I'm not sure where to start here. A bit of information about my habit-my addiction-would help.
I have been taking Phenibut for about a year now. I have PTSD, (Post-Traumatic Stress Disorder,) General Anxiety Disorder, Panic Disorder, OCD, (Obsessive Compulsive Disorder,) and Major Depressive Disorder, (which is the doctor's language way of saying I've had depression a long time). So....with the depression, I really shouldn't have taken this at all, but with the anxiety disorders, damn did it help. That's what just gets me so down sometimes. I finally find something that helps, and then I have to get off of it.

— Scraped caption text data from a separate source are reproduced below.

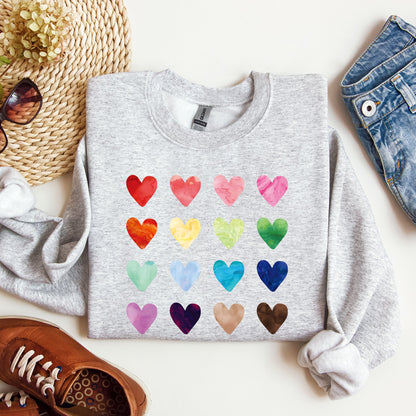 Colorful Hearts, Rainbow, Love, Sweatshirt, Valentine's Day
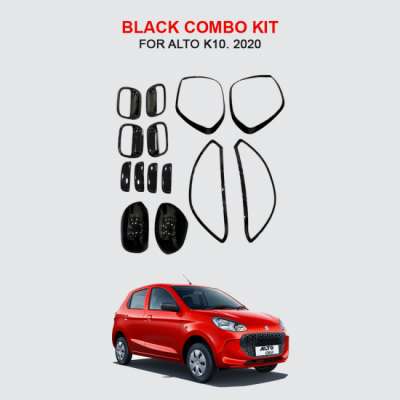 Verkoper Black Chrome Combo Kit for Maruti Alto k10(Model 2020) | Garnish Accessories kit | Set of 14pcs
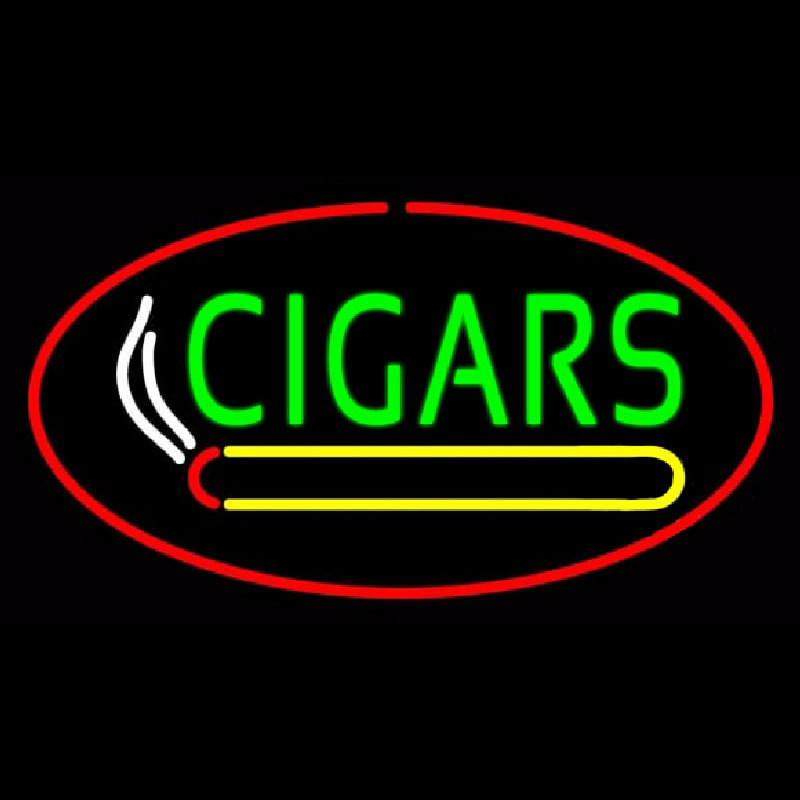 Green Cigars Logo Red Oval Neontábla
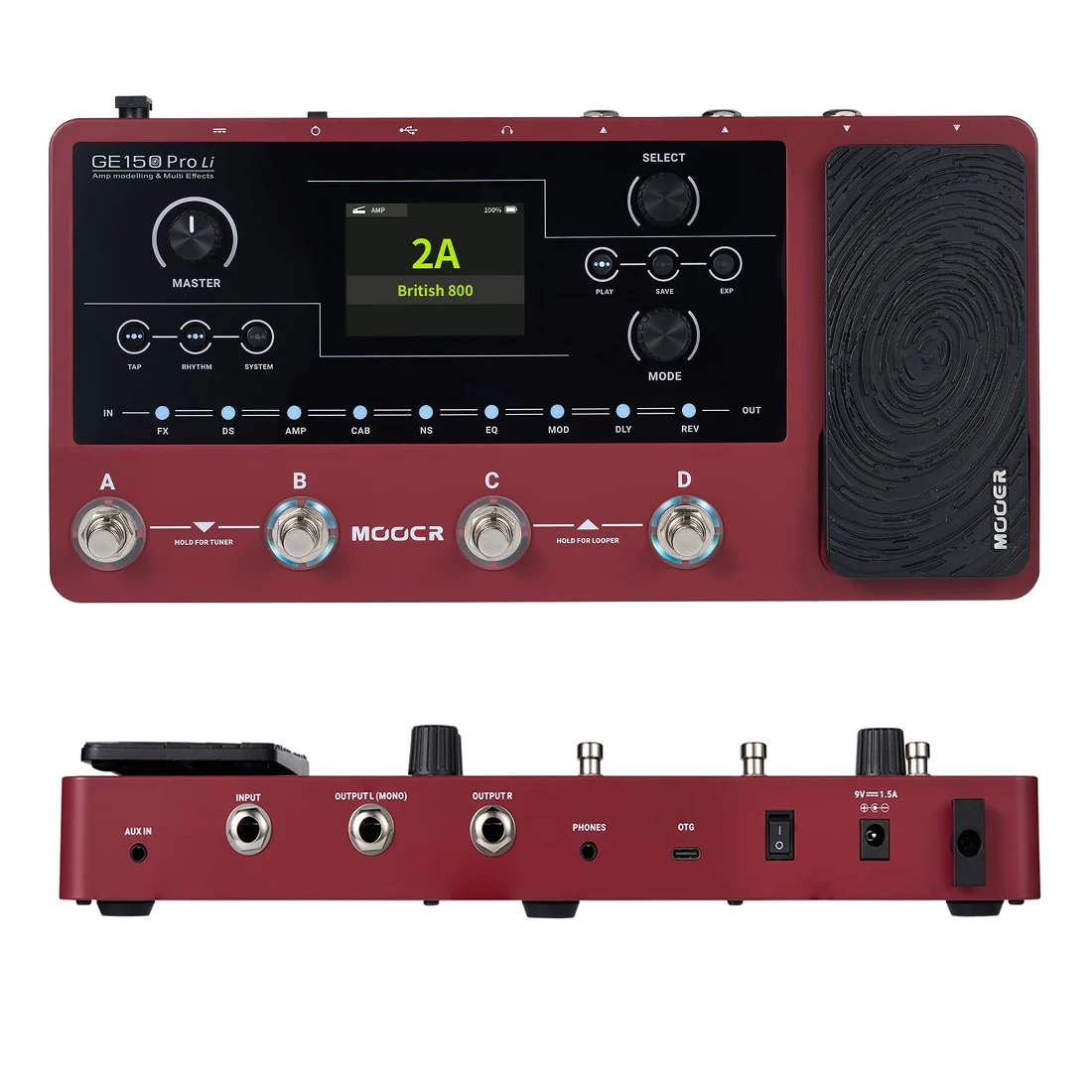 Guitar Effect Pedal MOOER GE150 Pro/Pro Li New Amp Modelling Multi Effects Built-in 9 hrs Battery with 4 Footswitches IR Loader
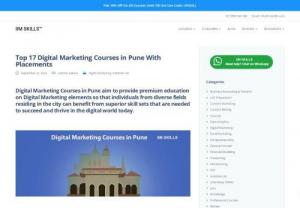 Digital Marketing Courses in Pune - One of the best institutes for learning digital marketing from iimskills. If you are interested in making a career in Digital Marketing iimskills is the right place to begin with. They will provide you with proper guidance and also you will receive certifications.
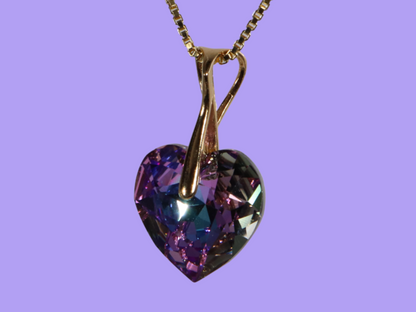 Collier avec cristaux Swarovski, VLT, argent, HEART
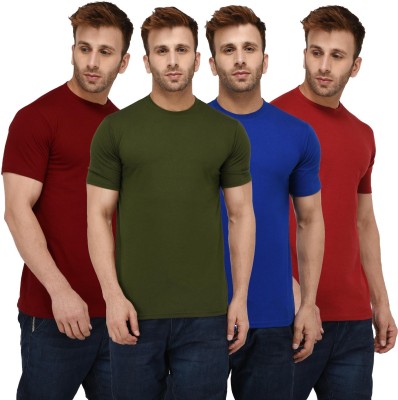 London Hills Solid Men Round Neck Dark Green, Maroon, Blue T-Shirt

I really did/do need to get off of it though, because my habit had gotten way too high. I was taking 4.5 grams a day-sometimes closer to 5 grams-and it made my heart race when I took it. (I took it all at once.) I felt sick and anxious/panicked whenever the Phenibut wasn't actively working in my body.
So, I'm working my way off it, with some help from my doctor. He's given me some Baclofen to help-told me he wouldn't prescribe over 20mg a day, but otherwise is letting me decide how to go down, when to go up on the Baclofen. He started me off at 15mg a day, (I realize now I didn't need that heavy a dose in the beginning,) said off the bat he didn't know anything about Phenibut and was guessing here at how much I needed. I later found out when a friend showed me a case study that the ratio of Baclofen to Phenibut is roughly 8-10mg of Baclofen per gram of Phenibut. I showed my doctor, but he refused to give me more than 20mg throughout the entire withdrawal. He's pretty pissed that I didn't tell him I was taking Phenibut a long time ago-which I have to understand the anger there. At least he gave me some, I'm grateful for that.
The plan originally was to go down every couple days by 400mg to 600mg and see how I do. If I need to stay in one place for longer, I would stay there.